A comparable corpus allows the translator to better understand source texts and produce natural and standard translated versions in the target language. It is highly beneficial in domain-specific translation tasks such as technical translation, legal translation, localization, and the like. It also assists translators when identifying prototypical features of a particular text, such as text structure and register conventions (Zanettin, 1998; Aston, 1999; Gavioli, 2005).
The third type of corpus investigated in this study is the parallel corpus, which consists of texts in a source language and their translations into one or more languages. An example of a parallel corpus is the United Nations (UN) corpus which is published in the official languages of the United Nations, as shown in Figure 3.

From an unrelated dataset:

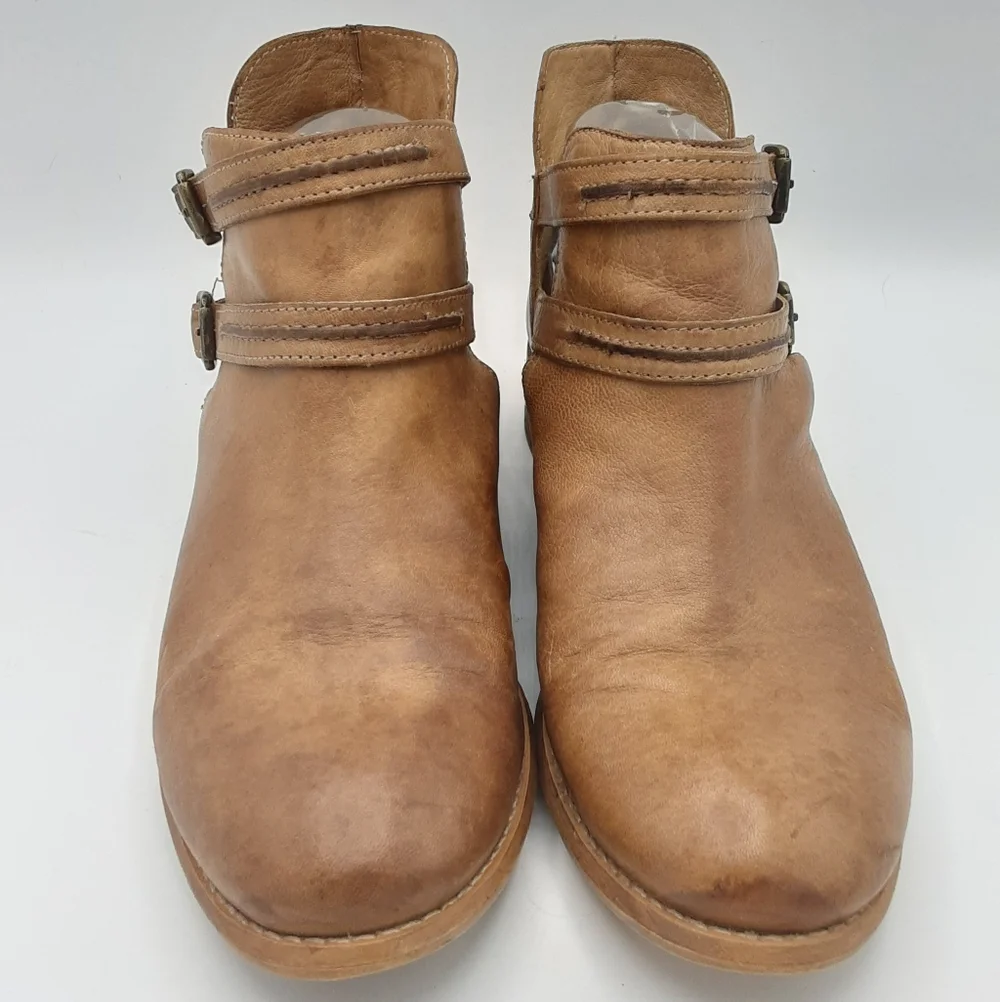 Diba True Road Map Tan Leather Double Adjustable Strap Ankle Bootie Size 8.5M.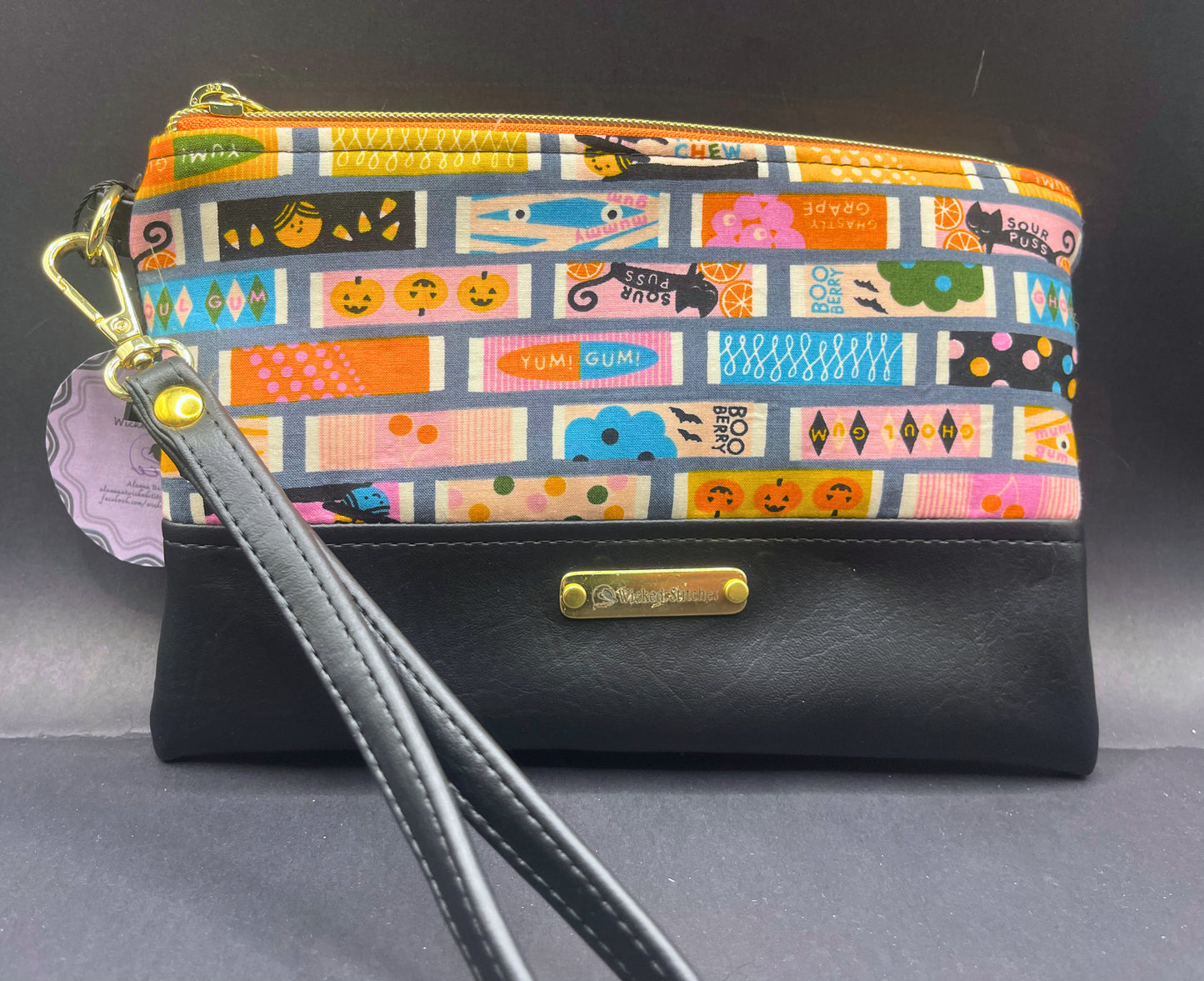 Artemis Wristlet- I Chews You!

A parallel corpus may assist translators to identify equivalent terms and expressions. The alignment of texts, as seen in Figure 3, not only allows the translators and language practitioners to render various translations of an expression, but also perceive general patterns (Zanettin, 1998). A parallel corpus can therefore be used to translate terminology and phraseology with a high degree of precision. It may also provide “a systematic translation strategy for linguistic structures which have no direct equivalents in the target language” (McEnery and Xiao, 2005; Xiao and Hu, 2015). Additionally, it can be used as an effective tool in contrastive grammar/linguistics, or in the study of discourse structures and markers in two or more languages. Moreover, it is an ideal resource for the investigation of some translation universals such as explicitations and implicitations. Furthermore, a parallel corpus can play a vital role in the training of translators. It can be used to examine an array of translation errors and problems. As Bowker (2002:19) observes, a parallel corpus that includes trainees’ translations serves as a record to detect potential problems and thus guides teaching practices. A text of a particular genre and its translations by different students can be aligned and standardized with the help of a concordance. This forms a learner’s parallel corpus and thus highlights the potential translation problems students might encounter. The corpus can also show whether certain problems or errors are specific to individual students, or they affect the entire class. Moreover, a learner corpus may include the translations of a group of students over a period of time. Such a longitudinal corpus helps teachers track students’ progress over a semester, or an entire course. Teachers can identify any language and translation problems which may or may not have been resolved during the course (Bowker, 2002:20). A parallel corpus can also be domain-specific (e.g., legal or technical). This kind of corpus is highly beneficial in the context of translator training. It can be used to determine whether the errors made by translators are genre-specific, or they are recurring in other genres.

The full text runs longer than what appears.